The game is difficult to explain verbally. It is a platformer in mechanics. You control a nondescript square that turns into a circle when moving and a triangle when jumping. There’s no reason for the metamorphosis; that’s just what it is. In the beginning, you move until you find an orb that drops down low enough for you to jump and grab by touching. The orb is a key that unlocks new areas when taken to a trigger, a special semicircle on the floor that the key attached to. Every time you unlock a trigger with a key, new areas open up. And the music begins to take shape.
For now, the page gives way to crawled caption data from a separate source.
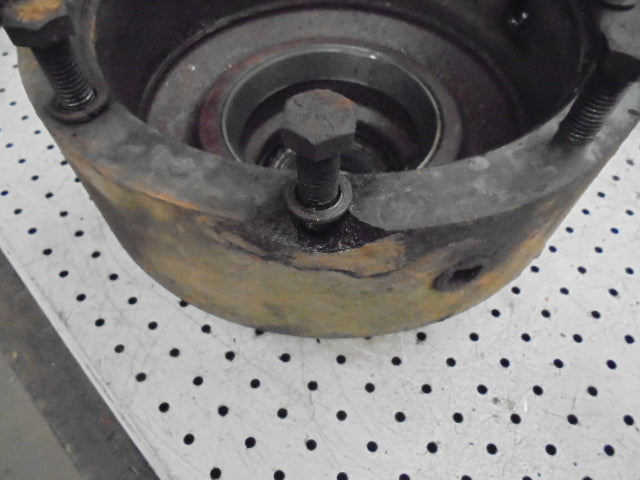 For DAVID BROWN 1490 4wd FRONT AXLE HUB (db axle)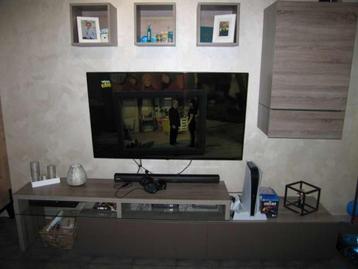 TV meubel + hangkast + 3 display kastjes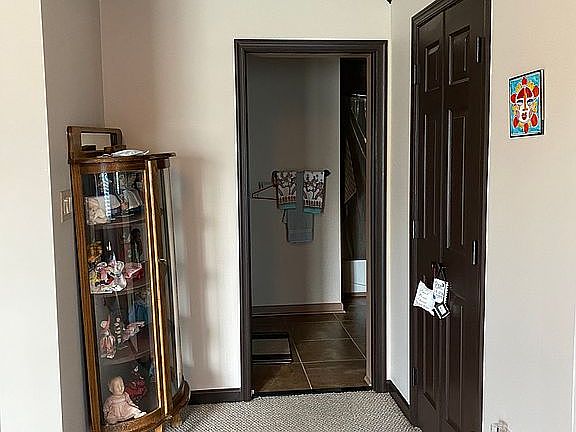 2nd image of 425 Quincy Ave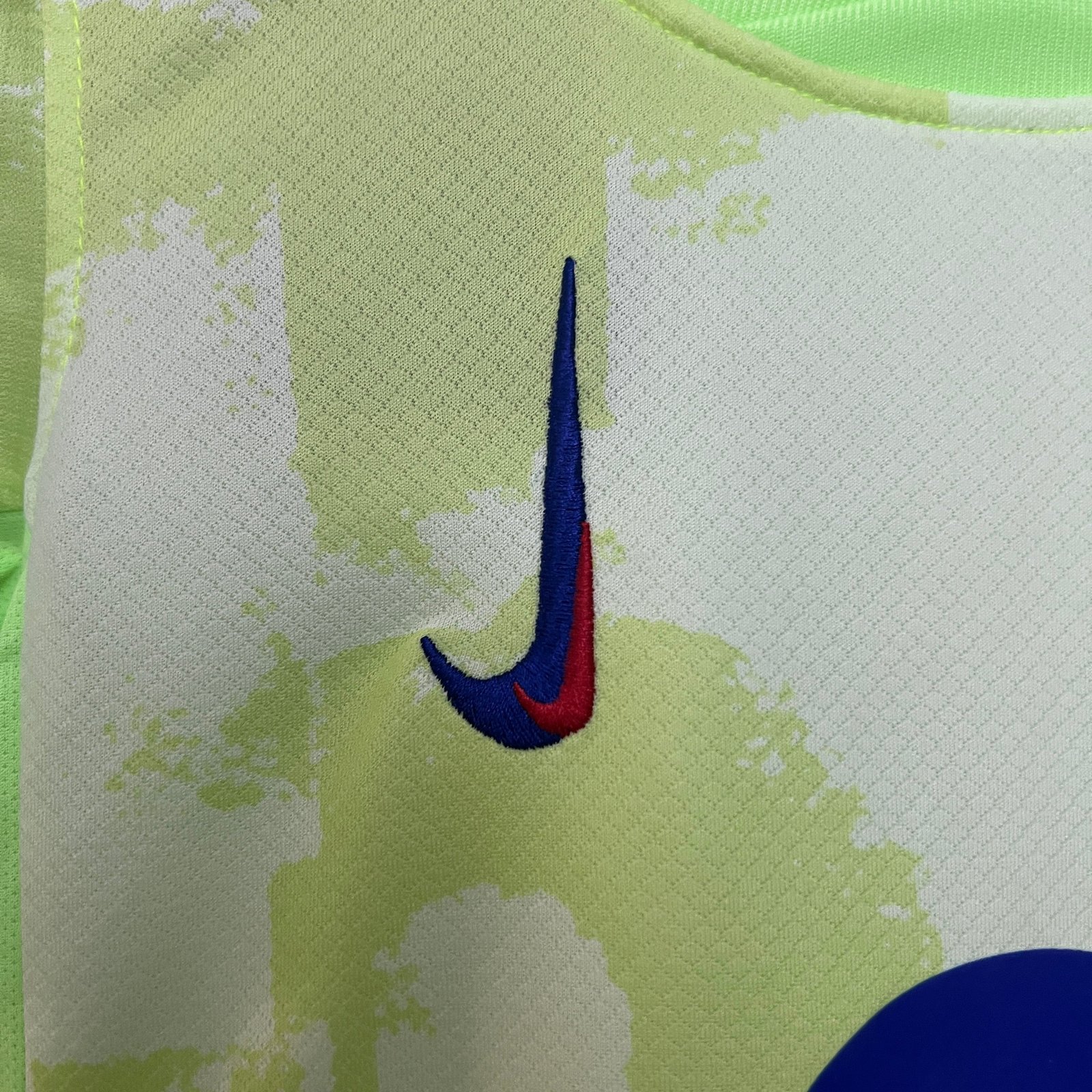 CAMISETA TERCERA EQUIPACIÓN BARCELONA 24/25 VERSIÓN INFANTIL - Imagen 3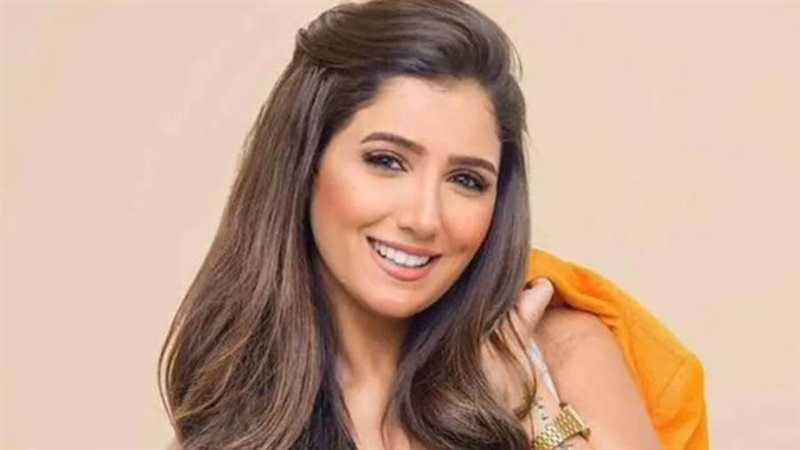 الفنانة مي عمر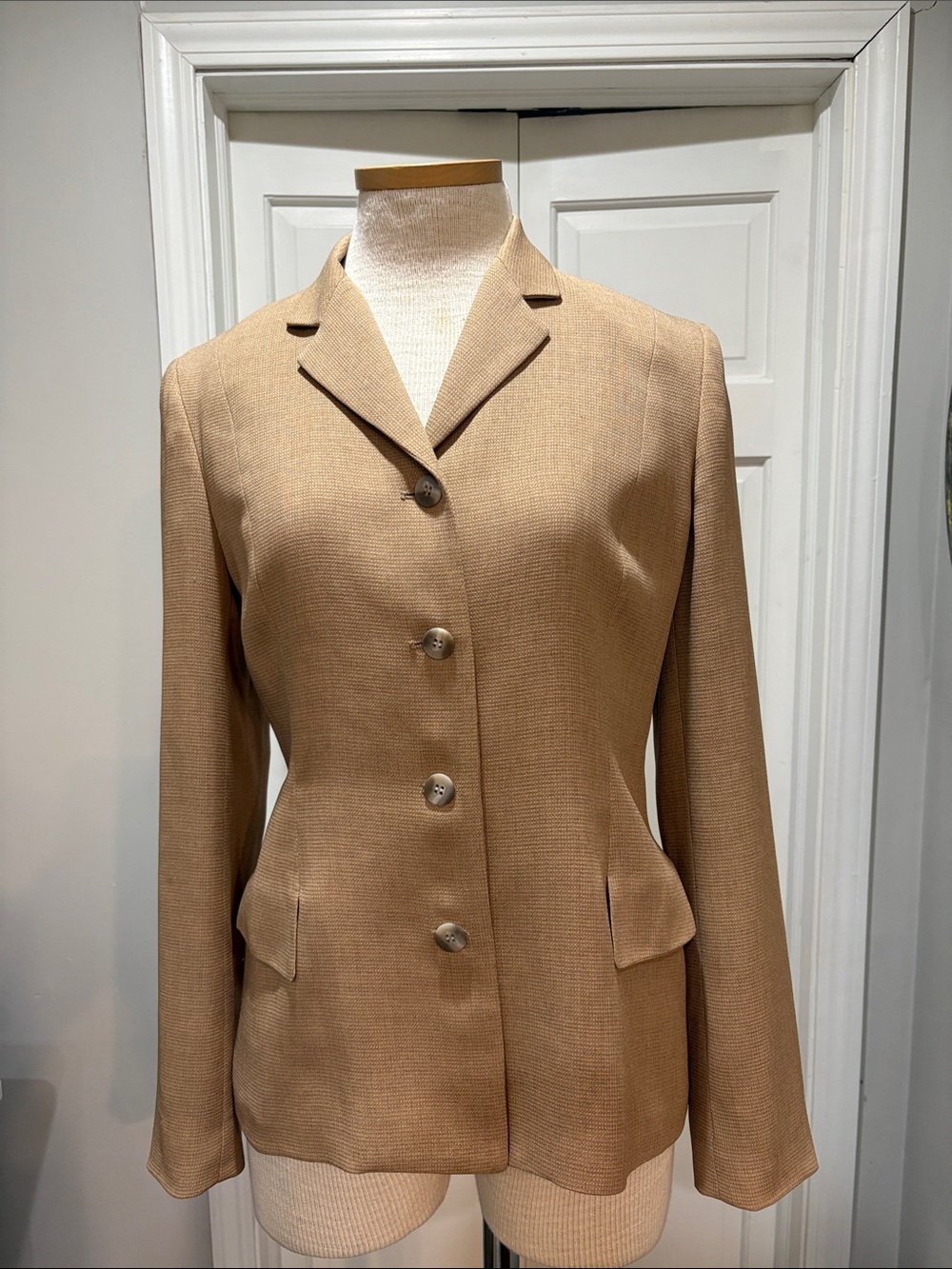 Garfield & Marks sz 4 tan business blazer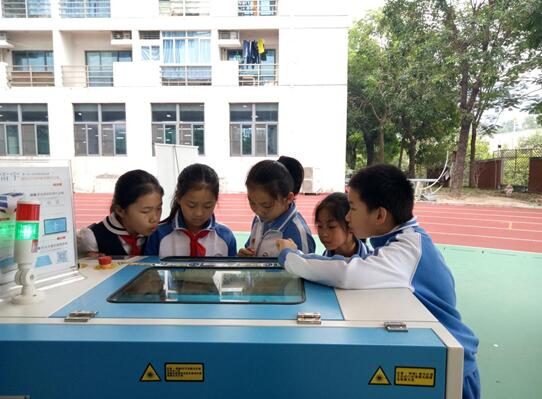 education of steam by laser cutter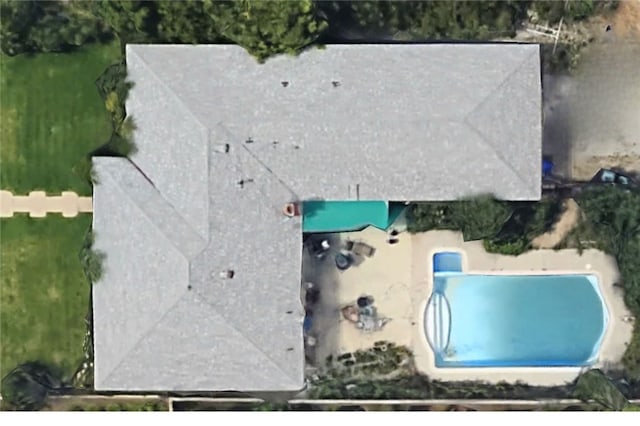 1472 N San Antonio Ave, Upland, CA 91786 - bird's eye view of a pool area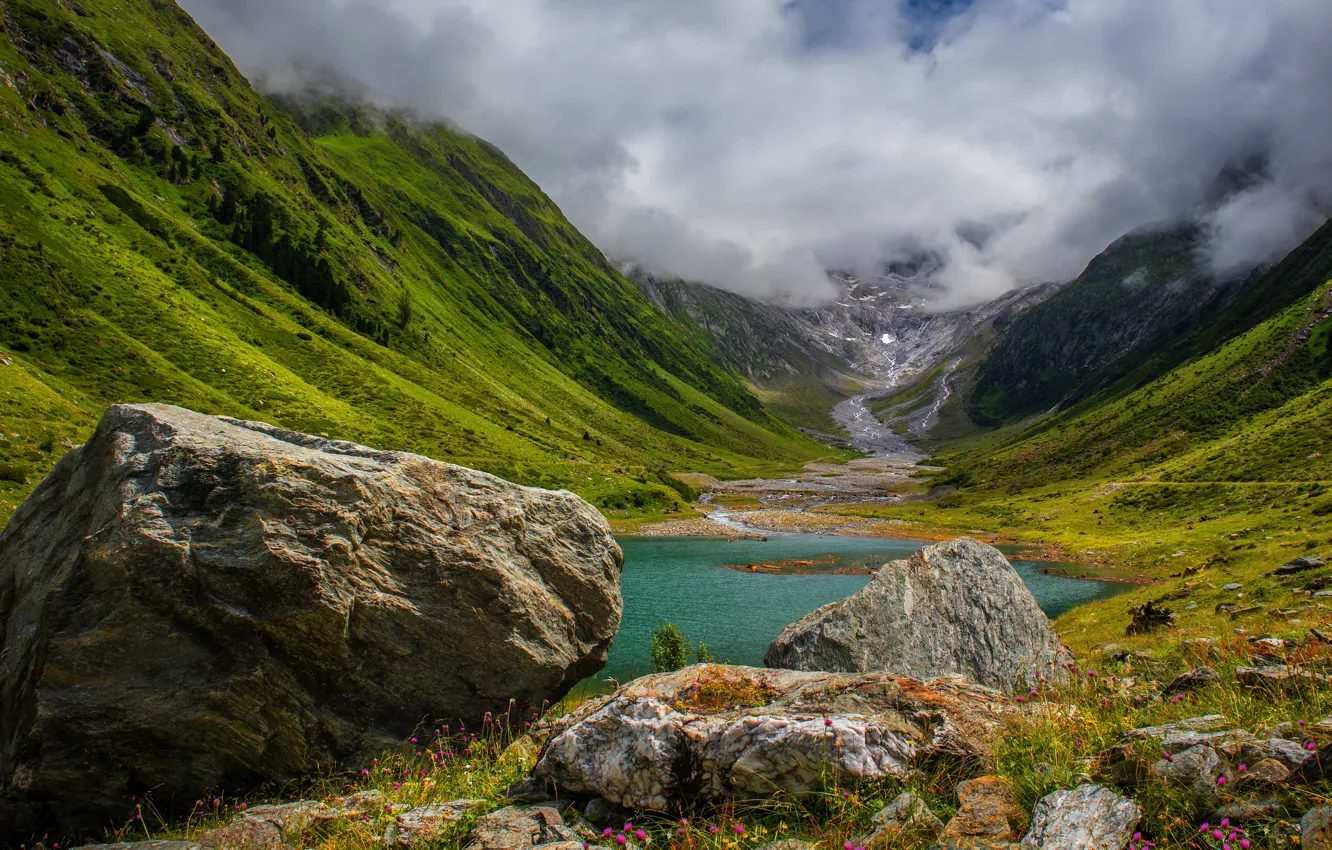 Фото обои зелень, лето, облака, горы, туман, река, камни, склоны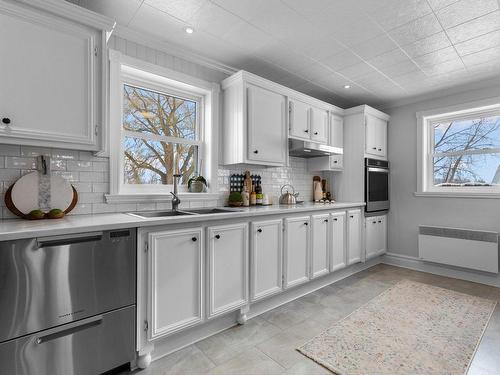 Kitchen - 81 Rg St-Claude, Saint-Philippe, QC - Indoor Photo Showing Kitchen With Double Sink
As you progress through the triggers, the music begins to flesh out more. It’s very dubstep-ish, and it also becomes very energetic. The game has a similar vibe to Rez, the Dreamcast cult classic rail shooter. Everything in the world moves to this music, and you will soon find a rhythm for jumping between disappearing/reappearing blocks, transport blocks, and jump pads. Every puzzle has to be maneuvered within the 140 BPM.
The earlier levels are mesmerizing as you guide your shape around all the puzzles and obstacles. The bad thing is that once you figure out the solution, it becomes easy to perform again. There is no variation in the puzzles. Once you do them, there is no incentive to redo them unless you want to sail through them as quickly as possible.
The levels themselves are very well thought out, making the puzzle-solving pretty challenging in later levels. There is also no denying that they are very colorful. With each trigger unlock, the world changes hues to help accentuate the change in music.
The first level is not difficult to figure out at all. By later levels, though, the difficulty curve becomes very punishing. By the third level, you will feel the game is almost unfair with its demands. Moving and jumping while always paying heed to the metronome requires some very sharp hand-eye coordination, and it is difficult to nail the timing immediately. 140 BPM is pretty savage, and it will not work in your favor.
Also, once the game is beaten, there is no incentive to try again unless you really groove to it. With the puzzles solved, the only value to a gamer is to a speedrunner who wants to hop & bop until the end.
Still, I can’t deny that my time spent with 140 was pleasant. The more I played, the further I wanted to go. The music kept egging me on, building up with each solved puzzle until it was at a fever pitch. I loved the game for it. There are drawbacks, but they do not detract from the game. It is the game that the young DJ in me can groove to.